§ ACTIVITY
Restate the full listing word for word and leave the pictures out.

§ RECORDED INFORMATION
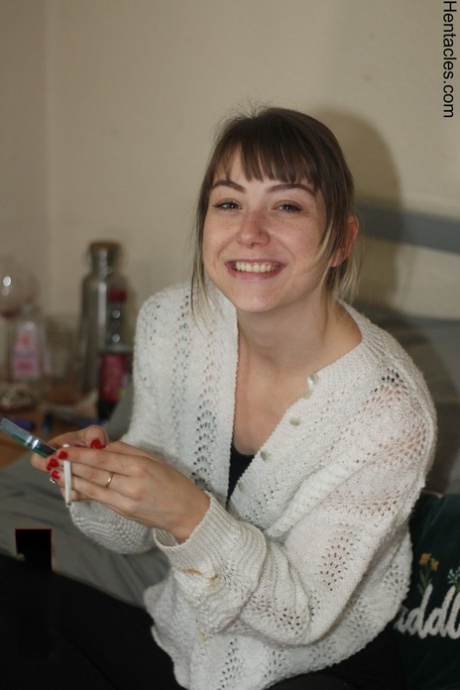 Amatérská dívka s tetováním Hentacles se svléká a hraje si se sexuálními hračkami v sóle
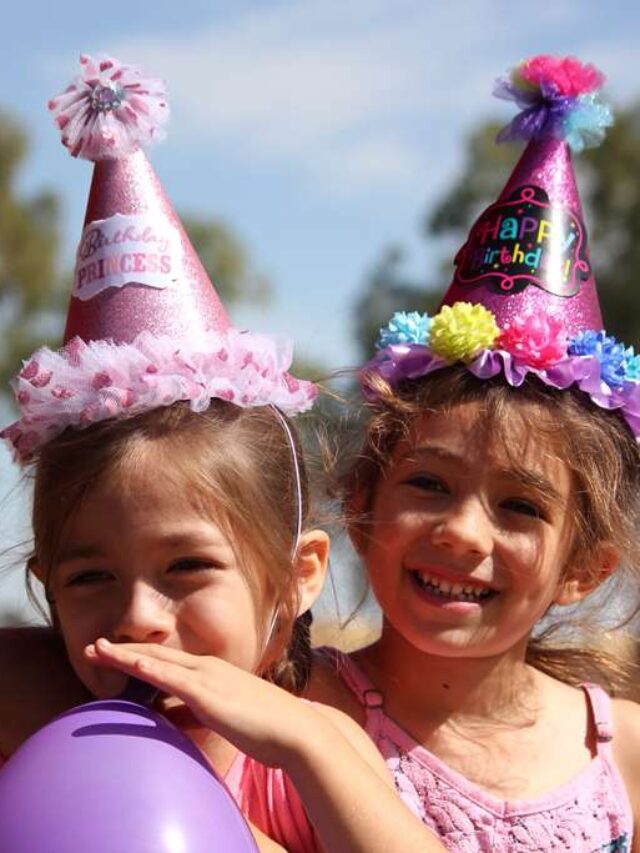 duas meninas em uma festa de aniversário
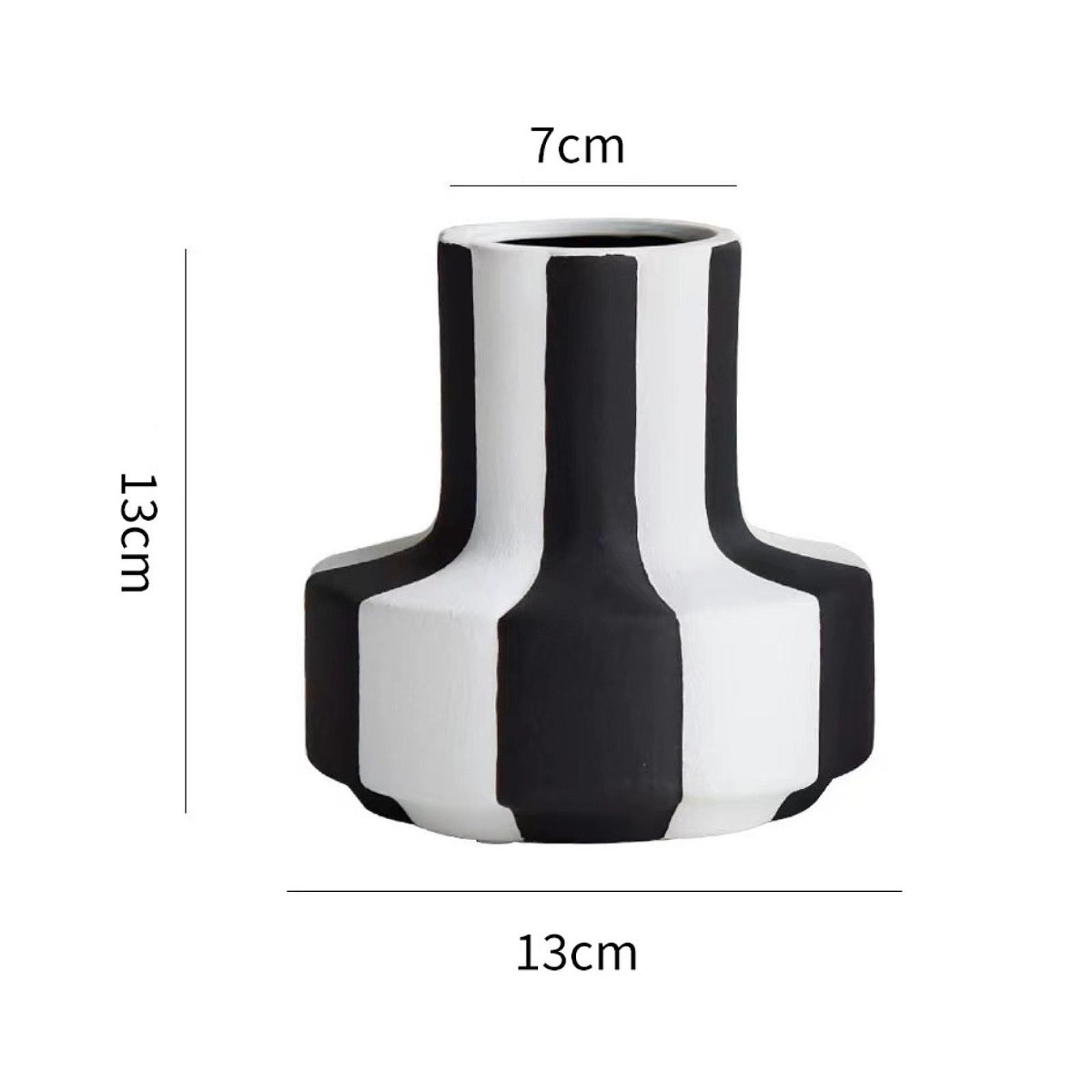 Desk Setup Minimalist - Vaso Elegante Preto e Branco com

§ ANSWER SPACE
 Amatérská dívka s tetováním Hentacles se svléká a hraje si se sexuálními hračkami v sóle
 duas meninas em uma festa de aniversário
 Desk Setup Minimalist - Vaso Elegante Preto e Branco com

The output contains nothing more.